Stay Focused on the Process
Ruairi Cunningham – Gems International School, Al Khail, United Arab Emirates
Insights: I would allow the students to give their thoughts as always. However, it needs to be carefully managed so that it doesn’t turn into moaning about what the school does, or does not, have.
Student Engagement: On the whole, the students really engaged with the idea of thinking differently, and it was an enjoyable unit.
Empathy and Problem Solving
Shane Diller – The Steward School, Richmond, VA
Insights: I’d tell that teacher to be okay with being uncomfortable with not being an expert. The unit is really fueled by kids. The trick is not to tell them how to do design thinking, but to push them in it. Constantly ask “Why?,” and make them take things a step further. But also, make them take a step back. The teacher is there to share their experience with the world. So, while kids may hone in on a problem to tackle, they may narrow their focus entirely too much. Have the teacher help them look at how the problem fits into other pieces of their life.
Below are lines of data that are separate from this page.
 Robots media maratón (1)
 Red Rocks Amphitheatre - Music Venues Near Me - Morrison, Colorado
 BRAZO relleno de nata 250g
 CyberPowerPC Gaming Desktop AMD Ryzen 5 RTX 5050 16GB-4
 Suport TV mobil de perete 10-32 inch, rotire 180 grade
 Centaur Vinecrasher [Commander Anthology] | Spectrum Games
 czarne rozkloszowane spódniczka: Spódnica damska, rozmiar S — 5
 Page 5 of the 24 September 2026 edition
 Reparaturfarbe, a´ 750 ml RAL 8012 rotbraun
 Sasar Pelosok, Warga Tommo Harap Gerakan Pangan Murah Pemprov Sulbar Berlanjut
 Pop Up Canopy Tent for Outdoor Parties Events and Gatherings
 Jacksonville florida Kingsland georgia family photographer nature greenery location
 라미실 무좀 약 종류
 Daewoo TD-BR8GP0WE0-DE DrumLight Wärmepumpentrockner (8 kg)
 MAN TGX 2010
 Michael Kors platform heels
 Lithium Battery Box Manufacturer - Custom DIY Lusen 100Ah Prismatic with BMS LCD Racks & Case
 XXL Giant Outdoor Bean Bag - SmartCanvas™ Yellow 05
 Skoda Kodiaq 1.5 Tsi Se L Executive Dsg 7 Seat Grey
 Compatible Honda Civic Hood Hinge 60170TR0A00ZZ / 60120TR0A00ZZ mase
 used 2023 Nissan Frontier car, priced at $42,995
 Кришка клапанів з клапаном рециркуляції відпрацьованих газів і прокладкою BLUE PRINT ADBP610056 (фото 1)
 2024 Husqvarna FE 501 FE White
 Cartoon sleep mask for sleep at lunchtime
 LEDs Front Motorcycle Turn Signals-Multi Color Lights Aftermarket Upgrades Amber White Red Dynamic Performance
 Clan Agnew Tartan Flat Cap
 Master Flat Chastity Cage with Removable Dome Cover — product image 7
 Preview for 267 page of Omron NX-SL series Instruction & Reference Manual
Student Engagement: One activity I have students do is to list a problem they’ve been having, and then partner up. Their partner, let’s say Person B, will interview Person A about Person A’s problem. So they don’t solve their own problems, somebody else has to. They also had to take a design thinking step “Empathize, Design, Ideate, Prototype, Test,” and make a visual representation of it in the form of a “thinking cap.” For it to be successful, people would have to look at that piece of headwear and clearly recognize the word or step it is designed to indicate.